Resolving the vacuum fluctuations of an optomechanical system using an artificial atom

TL;DR

This paper demonstrates how an artificial atom coupled to an optomechanical system can directly measure and verify quantum vacuum fluctuations, advancing quantum control and information processing capabilities.

Contribution

It introduces a method using a superconducting qubit to detect and verify quantum vacuum fluctuations in a macroscopic mechanical oscillator.

Findings

Successful ground state preparation of the mechanical oscillator

Detection of quantum vacuum fluctuations via photon/phonon-number distributions

Control of mechanical oscillators with non-Gaussian resources

Abstract

Heisenberg's uncertainty principle results in one of the strangest quantum behaviors: an oscillator can never truly be at rest.
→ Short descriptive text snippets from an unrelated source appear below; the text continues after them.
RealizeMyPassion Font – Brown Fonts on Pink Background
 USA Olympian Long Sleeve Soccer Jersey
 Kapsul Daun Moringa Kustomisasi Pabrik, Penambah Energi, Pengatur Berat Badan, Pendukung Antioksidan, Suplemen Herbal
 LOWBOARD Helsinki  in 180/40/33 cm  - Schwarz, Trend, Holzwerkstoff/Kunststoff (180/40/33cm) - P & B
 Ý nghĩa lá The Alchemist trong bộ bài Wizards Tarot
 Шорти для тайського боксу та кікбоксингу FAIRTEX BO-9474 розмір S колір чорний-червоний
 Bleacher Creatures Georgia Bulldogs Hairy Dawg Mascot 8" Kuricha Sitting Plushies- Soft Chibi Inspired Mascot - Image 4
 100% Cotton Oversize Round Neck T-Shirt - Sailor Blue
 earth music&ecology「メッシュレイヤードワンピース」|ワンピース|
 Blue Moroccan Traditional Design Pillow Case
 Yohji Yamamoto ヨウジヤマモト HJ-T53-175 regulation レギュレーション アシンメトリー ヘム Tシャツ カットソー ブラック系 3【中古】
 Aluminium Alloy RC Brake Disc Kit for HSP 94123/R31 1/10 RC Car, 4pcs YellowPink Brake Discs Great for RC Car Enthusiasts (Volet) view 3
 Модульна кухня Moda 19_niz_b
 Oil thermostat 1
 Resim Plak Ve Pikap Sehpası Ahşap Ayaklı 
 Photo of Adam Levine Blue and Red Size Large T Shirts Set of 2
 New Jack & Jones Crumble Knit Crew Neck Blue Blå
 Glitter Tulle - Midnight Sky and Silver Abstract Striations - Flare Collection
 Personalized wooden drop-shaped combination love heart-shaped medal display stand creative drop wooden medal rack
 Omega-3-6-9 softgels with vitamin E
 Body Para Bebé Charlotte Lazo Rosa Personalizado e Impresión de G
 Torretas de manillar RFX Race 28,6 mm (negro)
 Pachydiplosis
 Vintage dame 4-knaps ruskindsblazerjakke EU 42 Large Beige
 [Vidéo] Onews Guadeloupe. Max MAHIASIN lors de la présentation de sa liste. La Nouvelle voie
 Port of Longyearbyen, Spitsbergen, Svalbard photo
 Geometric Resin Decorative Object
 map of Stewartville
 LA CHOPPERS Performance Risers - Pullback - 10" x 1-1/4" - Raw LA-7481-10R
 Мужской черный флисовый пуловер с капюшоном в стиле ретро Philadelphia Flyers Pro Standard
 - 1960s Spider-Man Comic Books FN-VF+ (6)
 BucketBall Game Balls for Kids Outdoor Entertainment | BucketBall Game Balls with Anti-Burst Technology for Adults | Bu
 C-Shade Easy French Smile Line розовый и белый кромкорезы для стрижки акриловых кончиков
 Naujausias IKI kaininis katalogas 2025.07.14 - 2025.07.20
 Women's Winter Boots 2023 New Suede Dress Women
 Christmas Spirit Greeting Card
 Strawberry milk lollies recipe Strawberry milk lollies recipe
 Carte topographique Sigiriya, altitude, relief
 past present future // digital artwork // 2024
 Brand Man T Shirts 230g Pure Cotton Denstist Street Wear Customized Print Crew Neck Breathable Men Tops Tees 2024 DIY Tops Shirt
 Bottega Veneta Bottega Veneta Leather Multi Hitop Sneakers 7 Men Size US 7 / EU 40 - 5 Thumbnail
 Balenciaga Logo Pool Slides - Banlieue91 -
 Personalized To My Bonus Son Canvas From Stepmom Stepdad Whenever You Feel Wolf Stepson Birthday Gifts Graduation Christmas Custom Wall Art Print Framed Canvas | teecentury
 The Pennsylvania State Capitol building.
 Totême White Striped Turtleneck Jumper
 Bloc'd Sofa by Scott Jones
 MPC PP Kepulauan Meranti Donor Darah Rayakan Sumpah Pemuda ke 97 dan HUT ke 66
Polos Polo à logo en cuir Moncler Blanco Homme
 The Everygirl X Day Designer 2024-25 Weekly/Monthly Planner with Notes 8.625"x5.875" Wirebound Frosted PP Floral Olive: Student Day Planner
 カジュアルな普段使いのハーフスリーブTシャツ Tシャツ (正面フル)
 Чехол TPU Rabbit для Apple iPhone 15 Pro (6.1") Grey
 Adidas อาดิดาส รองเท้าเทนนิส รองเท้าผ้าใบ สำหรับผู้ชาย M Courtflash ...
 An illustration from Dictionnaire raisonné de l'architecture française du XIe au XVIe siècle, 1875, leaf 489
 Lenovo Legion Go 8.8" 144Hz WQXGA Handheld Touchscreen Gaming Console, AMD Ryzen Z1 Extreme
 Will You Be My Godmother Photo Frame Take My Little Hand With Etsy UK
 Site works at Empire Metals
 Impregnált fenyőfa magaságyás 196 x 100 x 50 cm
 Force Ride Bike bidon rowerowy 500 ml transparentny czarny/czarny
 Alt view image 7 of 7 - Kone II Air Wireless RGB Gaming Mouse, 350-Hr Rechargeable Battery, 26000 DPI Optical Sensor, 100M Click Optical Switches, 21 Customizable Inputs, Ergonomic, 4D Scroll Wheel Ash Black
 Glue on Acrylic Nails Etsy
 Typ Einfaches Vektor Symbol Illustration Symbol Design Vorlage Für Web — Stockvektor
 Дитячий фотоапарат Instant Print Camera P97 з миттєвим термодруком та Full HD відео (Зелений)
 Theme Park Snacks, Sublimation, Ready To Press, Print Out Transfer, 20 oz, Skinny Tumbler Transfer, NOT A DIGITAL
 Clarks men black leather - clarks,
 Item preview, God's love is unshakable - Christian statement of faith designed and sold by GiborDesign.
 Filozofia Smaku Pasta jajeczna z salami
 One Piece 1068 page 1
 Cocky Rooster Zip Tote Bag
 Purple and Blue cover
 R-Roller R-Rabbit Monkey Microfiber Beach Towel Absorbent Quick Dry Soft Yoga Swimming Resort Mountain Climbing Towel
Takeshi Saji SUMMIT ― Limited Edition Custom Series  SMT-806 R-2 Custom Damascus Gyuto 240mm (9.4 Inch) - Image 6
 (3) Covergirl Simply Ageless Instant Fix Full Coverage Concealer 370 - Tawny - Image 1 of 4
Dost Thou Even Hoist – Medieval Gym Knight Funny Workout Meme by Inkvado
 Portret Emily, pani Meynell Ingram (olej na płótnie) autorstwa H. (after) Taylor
Even in its lowest energy state, at a temperature of absolute zero, its position and momentum are still subject to quantum fluctuations. Resolving these fluctuations using linear position measurements is complicated by the fact that classical noise can masquerade as quantum noise. On the other hand, direct energy detection of the oscillator in its ground state makes it appear motionless. So how can we resolve quantum fluctuations? Here, we parametrically couple a micromechanical oscillator to a microwave cavity to prepare the system in its quantum ground state and then amplify the remaining vacuum fluctuations into real energy quanta. Exploiting a superconducting qubit as an artificial atom, we measure the photon/phonon-number distributions during these optomechanical interactions. This provides an essential non-linear resource to, first, verify the ground state preparation and second, reveal the quantum vacuum fluctuations of the macroscopic oscillator's motion. Our results further demonstrate the ability to control a long-lived mechanical oscillator using a non-Gaussian resource, directly enabling applications in quantum information processing and enhanced detection of displacement and forces.